What is being asked: Leave out the pictures and print precisely the lines from the line with "stato come nuova" to the final line of the entries, both ends included.

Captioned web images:
=====
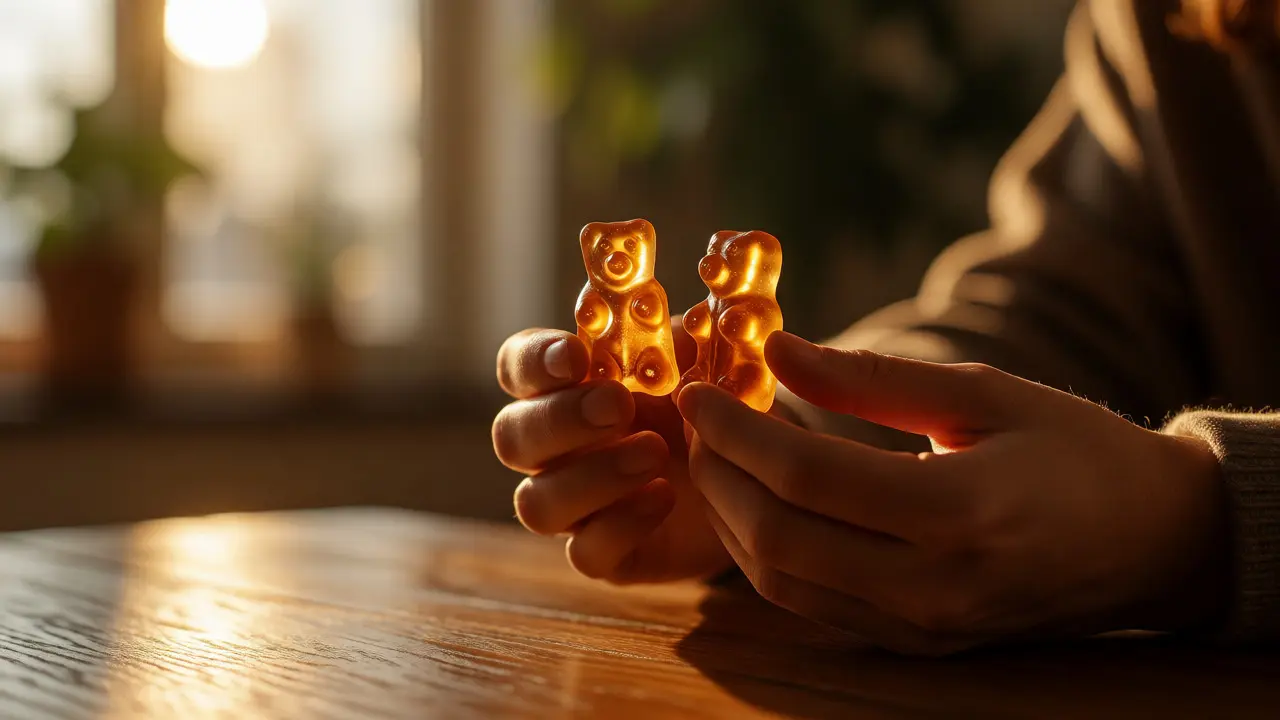 Jaké sladkosti pomáhají duševnímu zdraví? Průvodce konopnými bonbóny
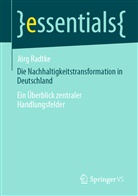Jörg Radtke - Die Nachhaltigkeitstransformation in Deutschland
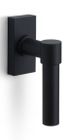 satin black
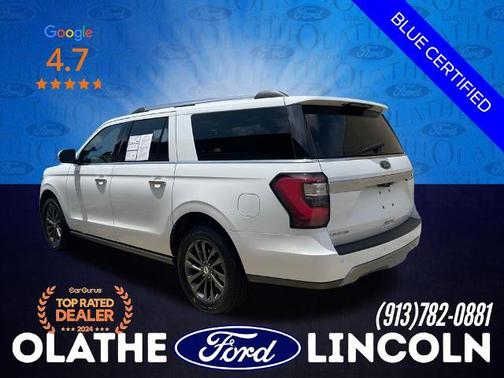 2020 Ford Expedition LIMITED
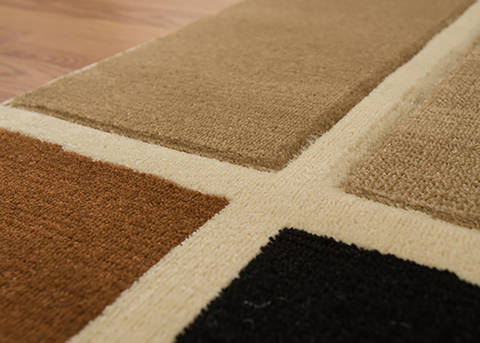 United Weavers Studio Multicolor Runner 10 X 70 Area Rug 710 01475 28 806-125042 Image 2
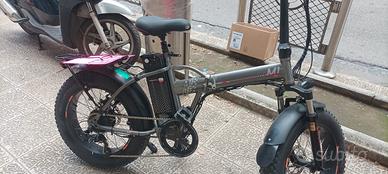  bici elettrica  stato come nuova 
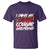 Funny Boyfriend T Shirt I Love My Cougar Girlfriend Valentines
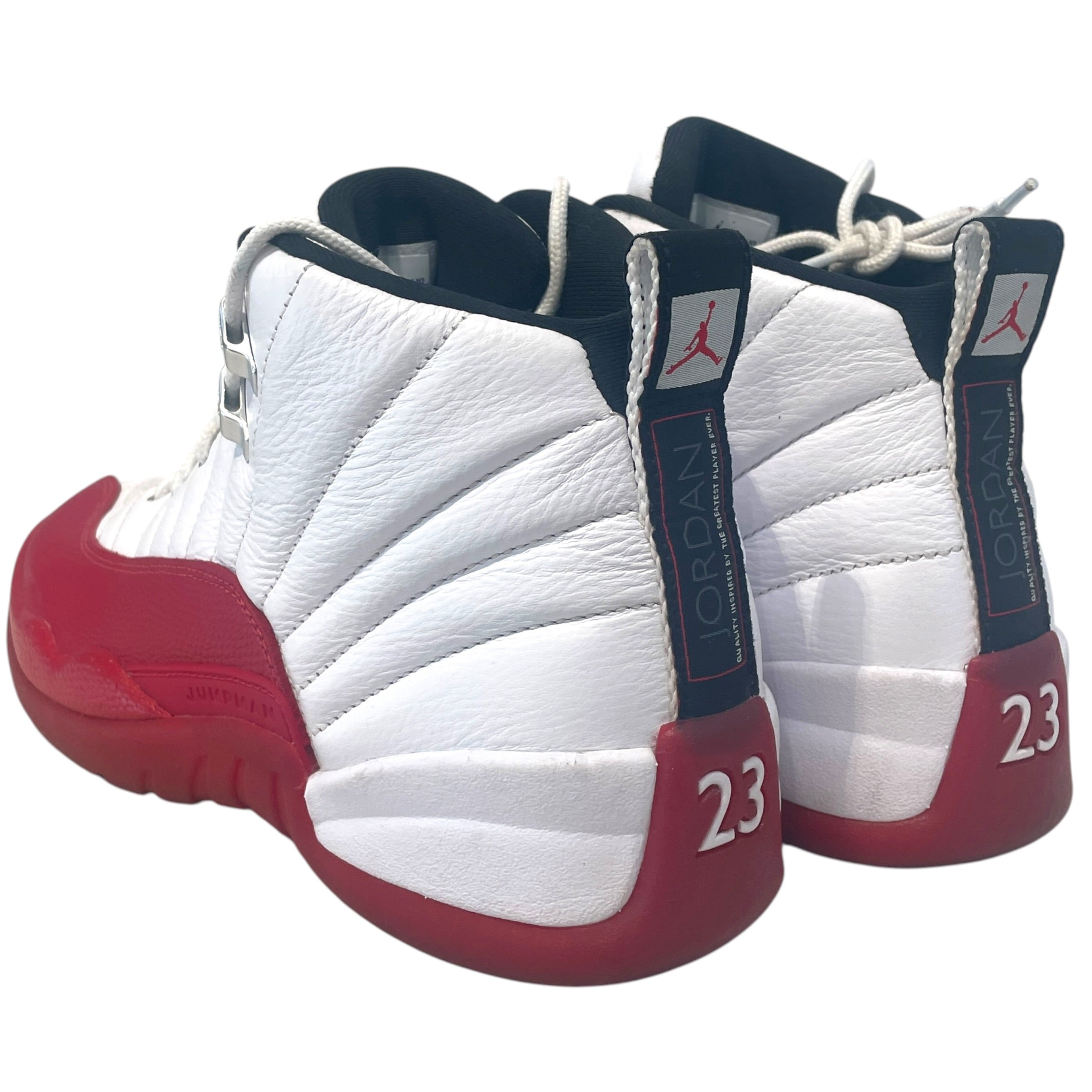 JORDAN BRAND/Hi-Sneakers/US 8.5/Leather/RED/ct8013116 view 2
=====
Result of this exercise:
  bici elettrica  stato come nuova 
 Funny Boyfriend T Shirt I Love My Cougar Girlfriend Valentines
 JORDAN BRAND/Hi-Sneakers/US 8.5/Leather/RED/ct8013116 view 2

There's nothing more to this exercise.